S'agissant des transports ferroviaires, le concours de l'Etat à RFF pour la gestion de l'infrastructure s'élèvera à 2,552 milliards d'euros en 2014, soit un montant très proche de celui versé l'an dernier. L'enveloppe consacrée au soutien du transport combiné ferroviaire est en revanche évaluée à 16,5 millions d'euros en crédits de paiement, au lieu de 19 millions d'euros en 2013. La réduction du budget consacré au transport combiné se poursuit.

Le compte d'affectation spéciale « services nationaux de transport conventionnés de voyageurs » retrace les opérations relatives à l'exploitation des trains d'équilibre du territoire. Celle-ci est régie par une convention triennale signée entre l'Etat et la SNCF : elle arrive à échéance le 31 décembre 2013 ; le gouvernement et la SNCF ont décidé de la prolonger d'un an. Le compte d'affectation spéciale connaît une double évolution. D'une part, le montant de la contribution à l'exploitation de ces trains est réduit, mais cette diminution résulte de la modification de la tarification de l'infrastructure mise en oeuvre par RFF. Ce mécanisme complexe est neutre pour les parties prenantes : il s'agit d'un transfert entre les redevances acquittées par la SNCF et celles acquittées par l'État. D'autre part, les crédits consacrés au matériel roulant augmentent.
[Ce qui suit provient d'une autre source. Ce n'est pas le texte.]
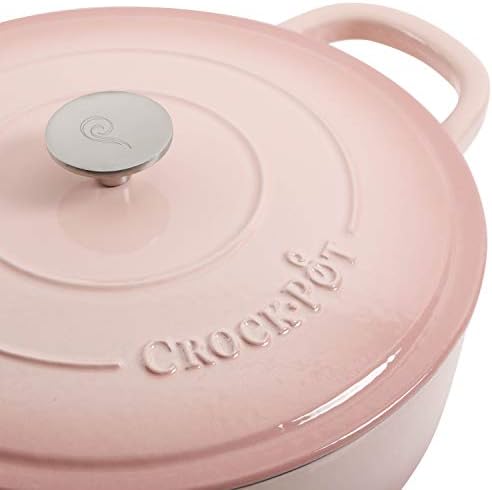 Crock-Pot Artisan 5-Quart Blush Enameled Cast Iron Braiser with Lid – Durable Slow Cooker and Oven Safe Cookware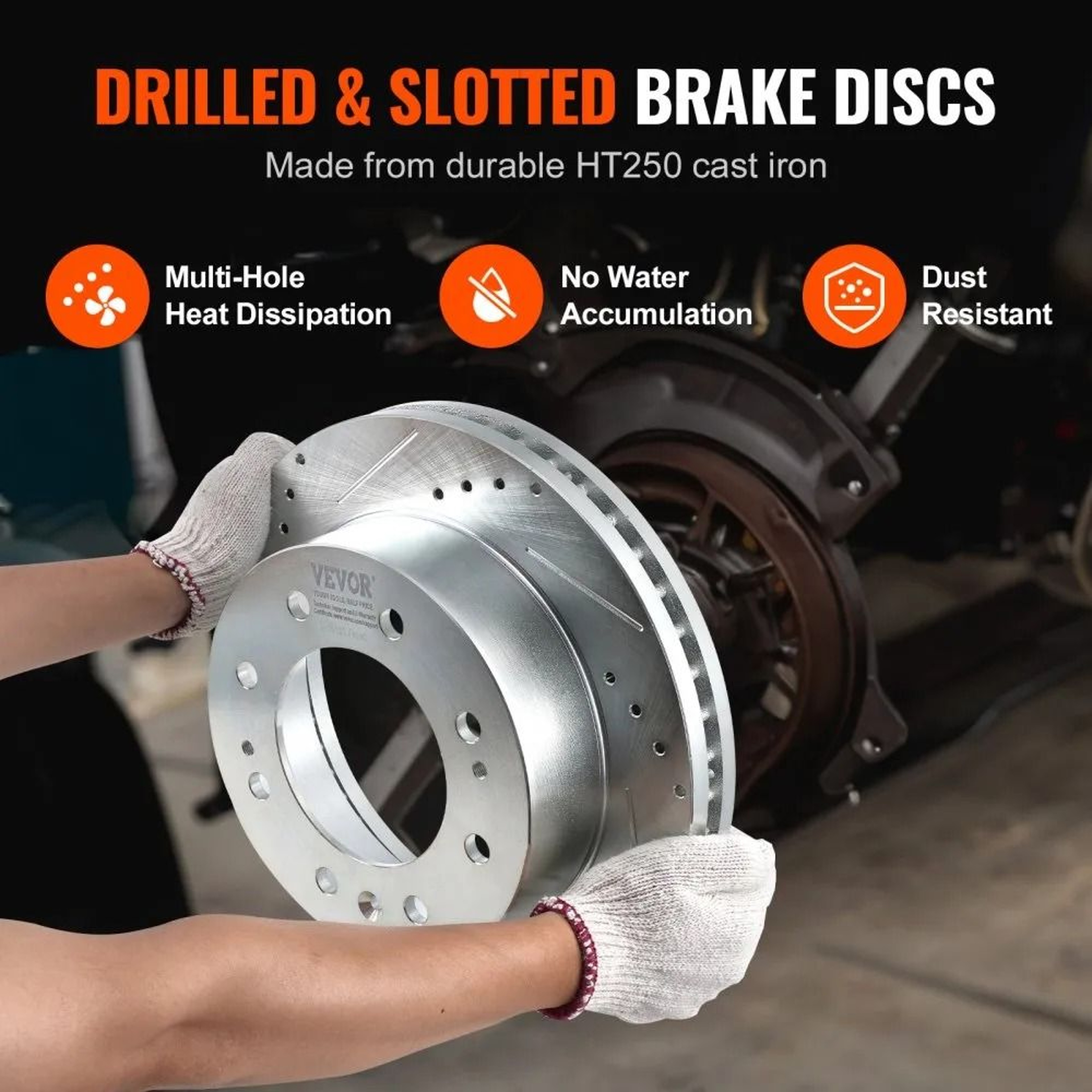 Heavy Duty Front Brake Kit With Drilled Slotted Rotors And Ceramic Brake Pads 3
Le Premier ministre a annoncé en juillet dernier le renouvellement de ce matériel entre 2015 et 2025, dans le cadre du plan « Investir pour la France ». À cette fin, une première tranche ferme de 500 millions d'euros a été engagée dès cet été pour renouveler les anciennes locomotives diesel et les voitures. Compte tenu du déficit d'exploitation des trains d'équilibre du territoire, le renouvellement de la convention constitue un enjeu fort de l'année 2014.

Il n'est pas le seul. Outre l'hypothèque relative à l'écotaxe, qui, à mon sens, doit être levée rapidement, le choix du scénario 2 de la commission « Mobilité 21 » implique de mobiliser de nouvelles ressources pour les années à venir. Il importe aussi de rationaliser nos dépenses, en agissant sur l'organisation de nos structures. C'est l'un des objectifs poursuivis par la réforme ferroviaire, qui vise à réunir RFF et la SNCF au sein d'un groupe public unifié. Le gestionnaire du réseau RFF, le gestionnaire délégué SNCF Infra et la direction des circulations seront enfin regroupés pour constituer un gestionnaire d'infrastructure unique. Cette réforme majeure doit aussi être un moyen de stabiliser la dette ferroviaire, qui dépasse aujourd'hui 40 milliards d'euros. Il faudra rationaliser nos investissements, confirmer la priorité donnée au réseau existant et conforter les acteurs dans leur volonté de mettre en place un grand plan de modernisation du réseau. L'année 2014 sera donc capitale pour les transports ferroviaires.

Sous réserve de ces observations et dans l'attente des solutions que proposera le Gouvernement pour pallier le retard de l'écotaxe, je vous propose d'émettre un avis favorable d'attente à l'adoption de ces crédits.